Let’s say a company goes to the FDA and says, “Hey, we want to start selling recreational heroin to the public.” If the FDA responds, “No, you can’t do that,” then the company might complain that the FDA doesn’t provide a path to compliance. People might scoff at that.
This company can insist that the FDA is wrong, demand that they and/or Congress write new rules so that this innovative heroin business can grow and promote the prosperity of the US capital markets, and decide to sell heroin anyway. When things don't go well, people may not feel sympathy for them.
Like most crypto platforms, Coinbase has decided to operate a combination of the roles of an exchange, broker-dealer, and clearinghouse. These three functions — bringing together buyers and sellers for securities orders, trading securities on behalf of others, and intermediating trades — typically need to be kept separate because conflicts of interest can arise when one entity controls all of them. Coinbase would need to fundamentally change its business model to separate these functions, but it has so far seemed unwilling to do so. “[Compliance for crypto intermediaries] is more than ‘paying lip service to a desire to comply with applicable laws’ or seeking a series of meetings with the SEC during which you are unwilling to make the changes necessary to comply with the law,” Gensler said in a speech a few days ago.

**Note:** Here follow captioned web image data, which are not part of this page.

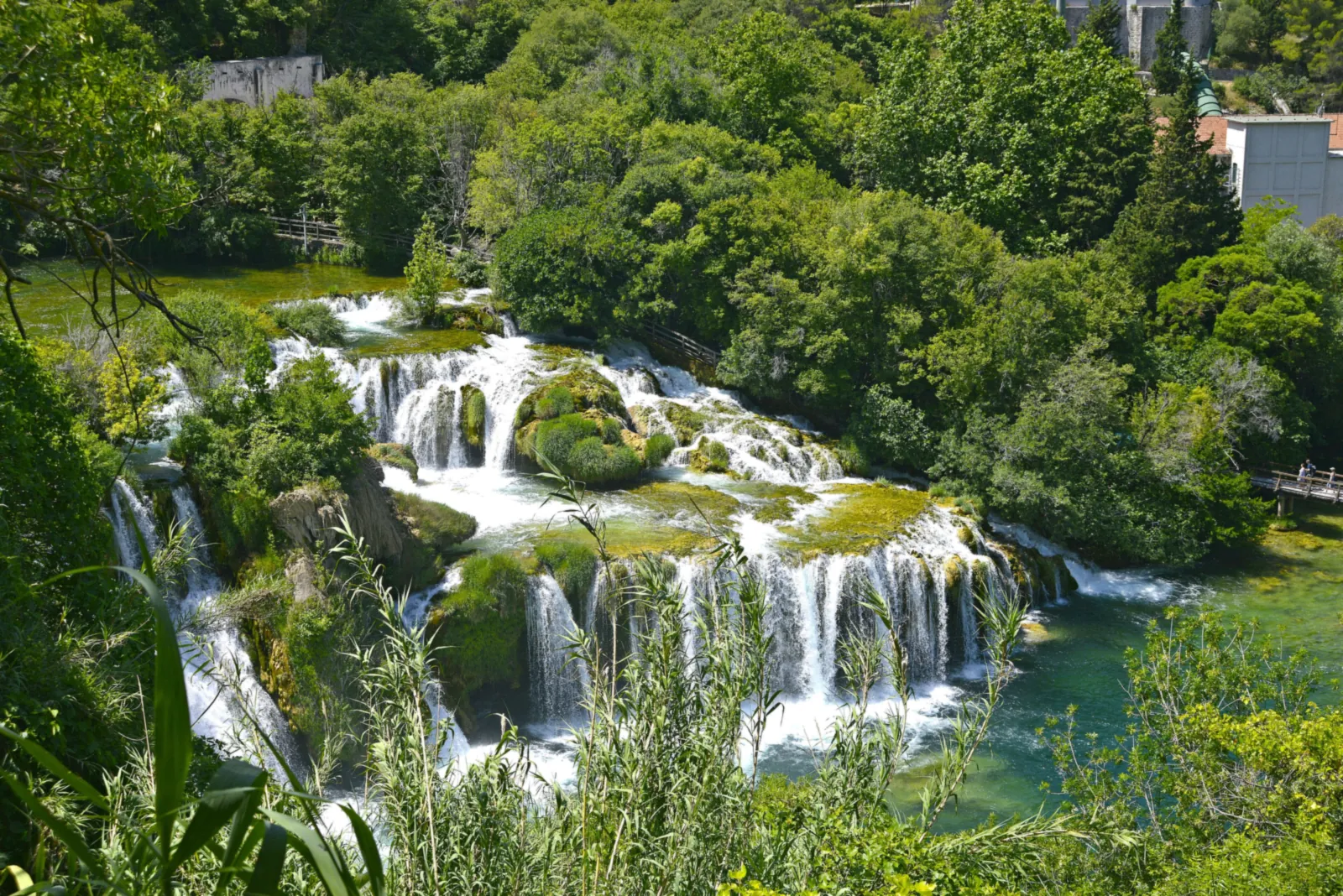 Von oben gesehen stürzt die Krka im Nationalpark Krka über mehrere bemooste Kalktuffstufen mit kleinen bewachsenen Inseln, ringsum dichtes Grün und Holzstege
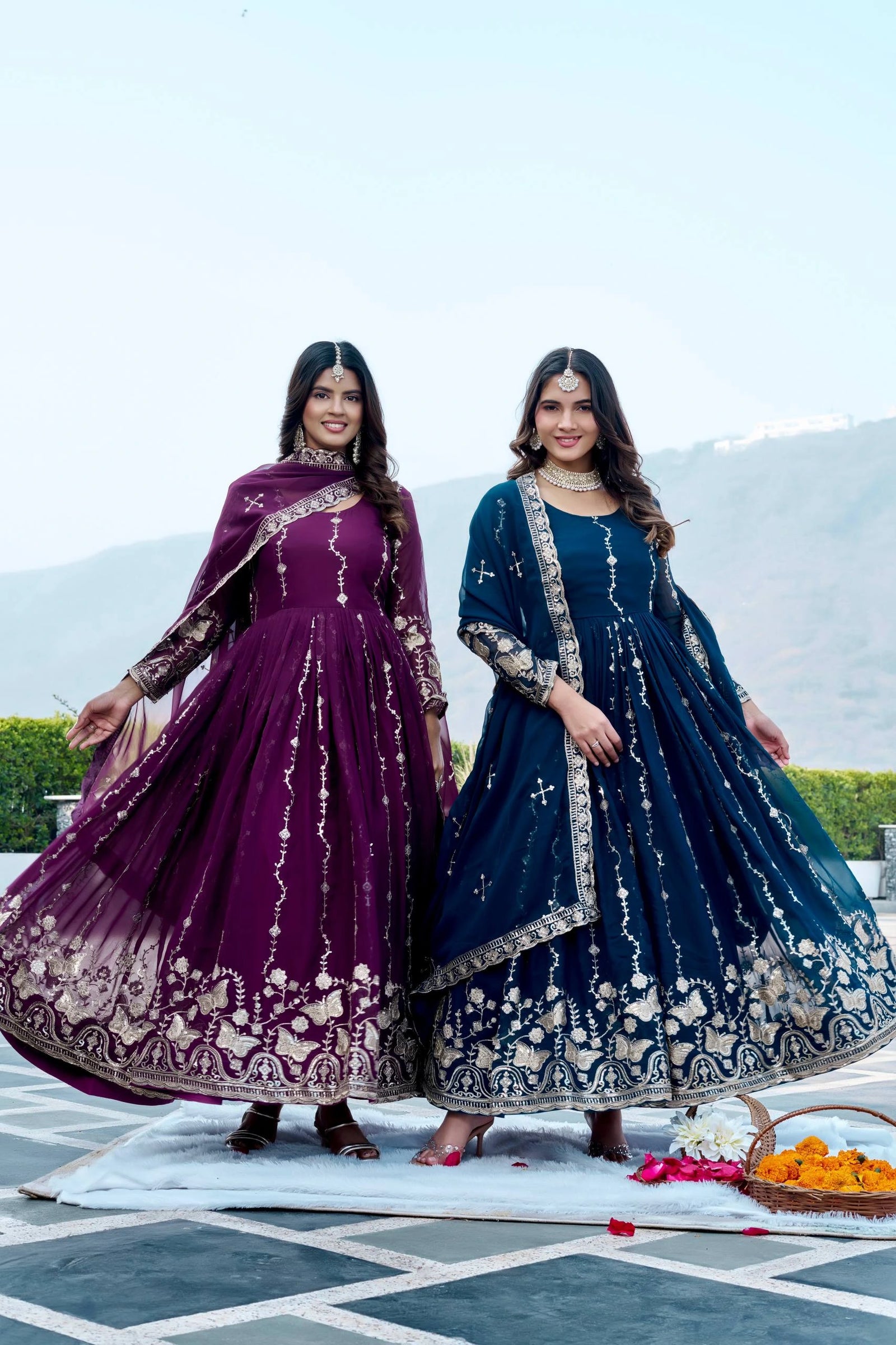 Two women in traditional embroidered dresses standing outdoors with a scenic background.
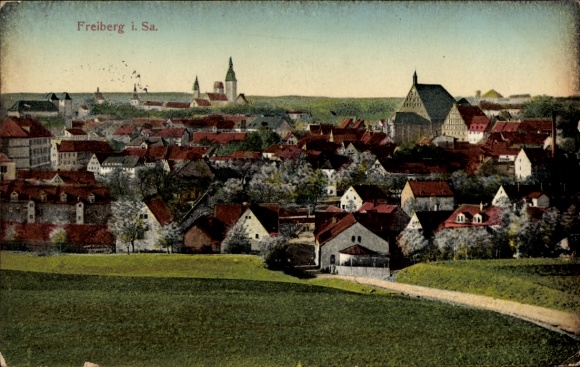 Ak Freiberg in Sachsen, Stadtansicht mit Gebäuden, farbenfroher Himmel, grüne Wiesen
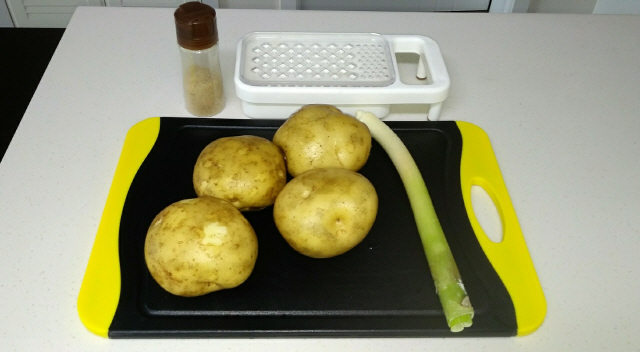 감자전 요리를 위해 감자 4개와 대파, 소금을 준비한다. 그리고 감자를 갈아주기 위해 강판을 꺼내 놓는다.
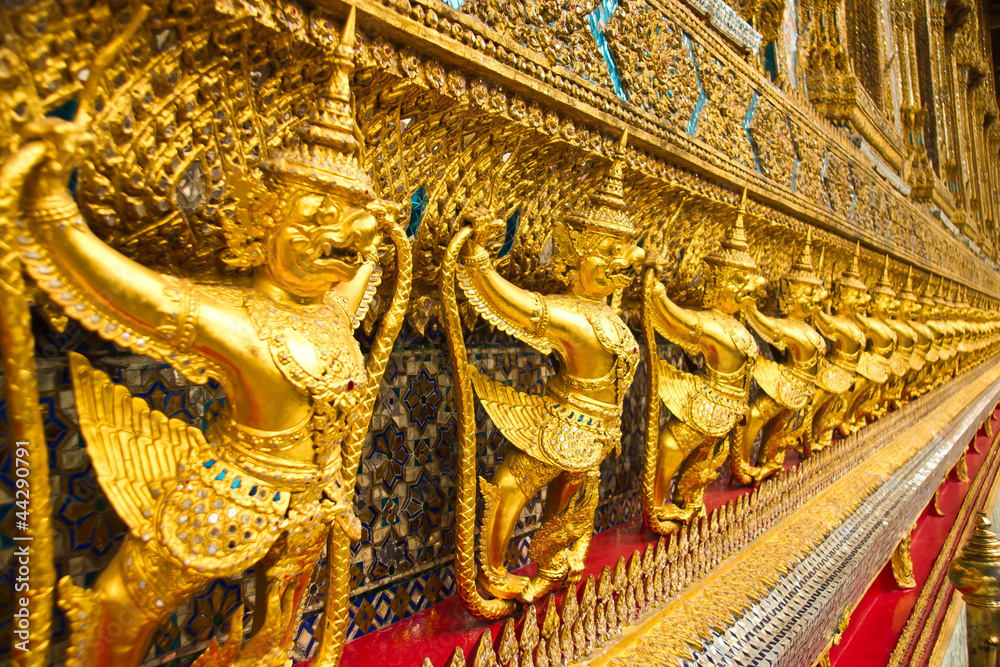 Golden garuda sculpture at Royal Palace in thai .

Even signing up to be a part of these types of businesses requires going through a process of disclosures, inspections, and audits that is more like what one would expect to experience at a proctologist’s office. This is not an easy feat for most honest and upright businesses, let alone crypto companies.
Less than a week after the lawsuit was filed, we know very little about Coinbase’s potential legal strategy. However, based on their past behavior, my guess is that it will include a lot of PR and attention-grabbing tactics involving these very same arguments. From Armstrong’s tweet, I can infer that Coinbase seems to be hoping to rescue itself with congressional intervention:
Brian Armstrong @brian_armstrongRegarding the SEC's complaint against us today, we are proud to have represented the industry in court and finally clarified the rules for crypto. Please remember:
The SEC reviewed our business and allowed us to become a public company in 2021.
We do not list securities. We reject the vast majority of assets we review.
The SEC and CFTC have issued conflicting statements and have not even come to an agreement on what is a security and what is a commodity.
That’s why the U.S. Congress is introducing new legislation to address this, and other countries around the world are taking action to create clear rules to support this technology. Instead of issuing a clear rulebook, the SEC has taken an enforcement approach to regulation that undermines American interests. So if we need to use the courts to get clarity, so be it. By the way, if it wasn’t obvious, the Coinbase lawsuit is very different from the others — the complaint against us is focused entirely on what is or is not a security. We are confident in our facts and the law. We will get the job done. In the meantime, let’s keep moving forward and build an industry together. America will get it right in the end.
Congress has yet to agree on the issue of cryptocurrency, especially after the FTX debacle. And the various draft legislation that has been proposed is largely hopeless by the time it arrives. However, Coinbase has invested a lot of time, energy, and money in lobbying: in 2022, they spent $3.4 million lobbying the crypto industry (combined with Binance’s $1.1 million in lobbying in the U.S., for a total of about $11.9 million in industry lobbying efforts).
The lobbying appears to have had an impact. When the SEC filed suit against Binance and Coinbase, some members of Congress moved quickly, but not to help the agency regulate an industry damaged by a year of crashes and harm to American customers. Today, Reps. Warren Davidson (R-OH) and Tom Emmer (R-MN) introduced the “SEC Stability Act” with one main goal: to fire “tyrannical” SEC Chairman Gary Gensler.